ST. KITTS-NEVIS PARLIAMENT MAKES HISTORY: First Parliament in the Modern World to Go Three Years Without Tabled Minutes — Harris Calls It a “Guinness World Record-Level Disgrace”
BASSETERRE, St. Kitts – In what can only be described as a parliamentary scandal of historic proportions, the St. Kitts and Nevis National Assembly has become the first known parliament in modern history to go three consecutive years without tabling or confirming a single set of minutes.
The shocking revelation surfaced on Tuesday following the walkout of Third Prime Minister Dr. Hon. Timothy Harris, who stormed out of the Assembly in protest of what he termed a “reckless, irregular, and unlawful” attempt to retroactively approve three years of unconfirmed minutes in bulk.
An Unprecedented Breakdown of Parliamentary Accountability
Since August 2022, the Parliament of St. Kitts and Nevis has reportedly held over 27 sittings, including three national budget debates, without a single set of minutes being tabled, reviewed, or confirmed. This violates every known parliamentary standard and has plunged the nation’s legislative credibility into crisis.
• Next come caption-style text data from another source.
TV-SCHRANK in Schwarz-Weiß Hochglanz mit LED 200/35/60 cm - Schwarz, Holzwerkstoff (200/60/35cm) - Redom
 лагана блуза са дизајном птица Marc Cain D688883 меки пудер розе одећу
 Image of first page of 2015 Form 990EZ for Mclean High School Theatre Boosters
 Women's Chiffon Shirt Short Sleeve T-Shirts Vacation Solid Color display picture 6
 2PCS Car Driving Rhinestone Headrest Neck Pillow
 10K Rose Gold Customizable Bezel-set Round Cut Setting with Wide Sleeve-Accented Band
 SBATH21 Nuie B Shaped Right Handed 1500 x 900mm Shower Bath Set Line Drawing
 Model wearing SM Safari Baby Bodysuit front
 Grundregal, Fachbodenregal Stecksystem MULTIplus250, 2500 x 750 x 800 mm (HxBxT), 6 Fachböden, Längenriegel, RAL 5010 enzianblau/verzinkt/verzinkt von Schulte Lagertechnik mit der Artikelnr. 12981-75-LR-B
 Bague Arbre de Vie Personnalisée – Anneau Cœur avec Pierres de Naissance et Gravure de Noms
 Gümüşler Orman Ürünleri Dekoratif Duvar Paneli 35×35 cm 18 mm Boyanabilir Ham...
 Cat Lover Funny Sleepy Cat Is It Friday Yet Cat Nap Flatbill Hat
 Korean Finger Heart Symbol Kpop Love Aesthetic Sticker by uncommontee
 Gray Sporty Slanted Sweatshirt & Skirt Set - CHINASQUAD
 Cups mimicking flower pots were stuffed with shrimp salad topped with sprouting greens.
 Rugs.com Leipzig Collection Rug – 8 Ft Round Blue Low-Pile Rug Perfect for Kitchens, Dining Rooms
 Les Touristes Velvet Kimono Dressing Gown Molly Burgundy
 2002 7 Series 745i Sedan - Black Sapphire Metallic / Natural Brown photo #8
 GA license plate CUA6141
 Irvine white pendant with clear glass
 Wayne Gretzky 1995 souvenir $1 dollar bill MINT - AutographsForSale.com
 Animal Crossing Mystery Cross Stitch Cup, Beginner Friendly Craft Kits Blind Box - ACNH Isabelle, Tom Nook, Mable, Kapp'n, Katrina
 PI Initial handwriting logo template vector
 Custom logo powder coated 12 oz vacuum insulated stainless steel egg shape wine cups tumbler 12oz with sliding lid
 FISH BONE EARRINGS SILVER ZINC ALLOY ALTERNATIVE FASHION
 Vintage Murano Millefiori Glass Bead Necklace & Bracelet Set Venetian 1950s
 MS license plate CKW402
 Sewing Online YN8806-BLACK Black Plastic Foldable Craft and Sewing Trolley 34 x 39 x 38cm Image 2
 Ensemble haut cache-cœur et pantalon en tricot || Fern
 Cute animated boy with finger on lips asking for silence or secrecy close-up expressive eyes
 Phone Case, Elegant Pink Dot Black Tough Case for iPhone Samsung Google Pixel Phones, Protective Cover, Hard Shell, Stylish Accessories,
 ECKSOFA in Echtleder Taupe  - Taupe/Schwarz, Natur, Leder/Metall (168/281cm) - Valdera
Observers are now labeling this as an administrative and constitutional failure of the highest order, with Dr. Harris describing the episode as “fit for the Guinness Book of World Records — but as a record of shame, not achievement.”
“This has to be recorded as the first and only Parliament in the modern world that operated for three years without confirming any minutes,” Dr. Harris declared. “It is unthinkable, unimaginable, and an insult to democracy.”
A Global First — For All the Wrong Reasons
Political analysts and historians have struggled to identify any precedent for such a lapse in parliamentary governance. The absence of official minutes for multiple years is virtually unheard of in democratic systems, where the documentation of proceedings is essential for accountability and transparency.
A constitutional expert told SKN Times:
“It is highly improbable, if not impossible, for a functioning Parliament anywhere in the democratic world to go three years without confirming its minutes. Such a failure undermines every legislative act, every budget passed, and every motion moved during that period.”
The expert outlined why this is catastrophic for parliamentary integrity:
- Constitutional Requirements: Most constitutions, including that of St. Kitts and Nevis, mandate that Parliament meet regularly and that records of those meetings be kept and confirmed.
- Legislative Oversight: Without confirmed minutes, there is no legal documentation of laws debated or passed.
- Transparency: Minutes form the backbone of public accountability — their absence equates to secrecy and chaos.
- Historical Context: Even during wars, revolutions, and constitutional crises, parliaments from London to Delhi to Kingston have always maintained minute records.
Speaker Under Fire
Public outrage has zeroed in on the Speaker of the National Assembly, who for three years failed to present or table a single set of minutes. Critics are now calling for her immediate resignation, describing the lapse as a “monumental dereliction of duty.”
One furious observer put it bluntly:
“This Speaker has managed to do what no one else in the civilized world has ever done — preside over a Parliament with no minutes for three years. Either she is completely out of her depth or utterly negligent. Either way, she must go.”
A Constitutional Embarrassment
With this revelation, the Federation of St. Kitts and Nevis now holds a dubious global record — not for innovation, not for progress, but for what Dr. Harris termed “a breathtaking failure of parliamentary management.”
The incident raises urgent questions about the rule of law, the integrity of parliamentary records, and the competence of the current leadership of the Assembly.
It also exposes what Dr. Harris and others describe as “a culture of carelessness and contempt for constitutional order” under the current government.
As one senior political commentator summarized:
“This is not just a lapse. It’s a breakdown. The very institution meant to uphold democracy has become an example of how quickly it can decay when leadership fails.”
St. Kitts and Nevis now stands alone — not as a model of democracy, but as a cautionary tale for the world.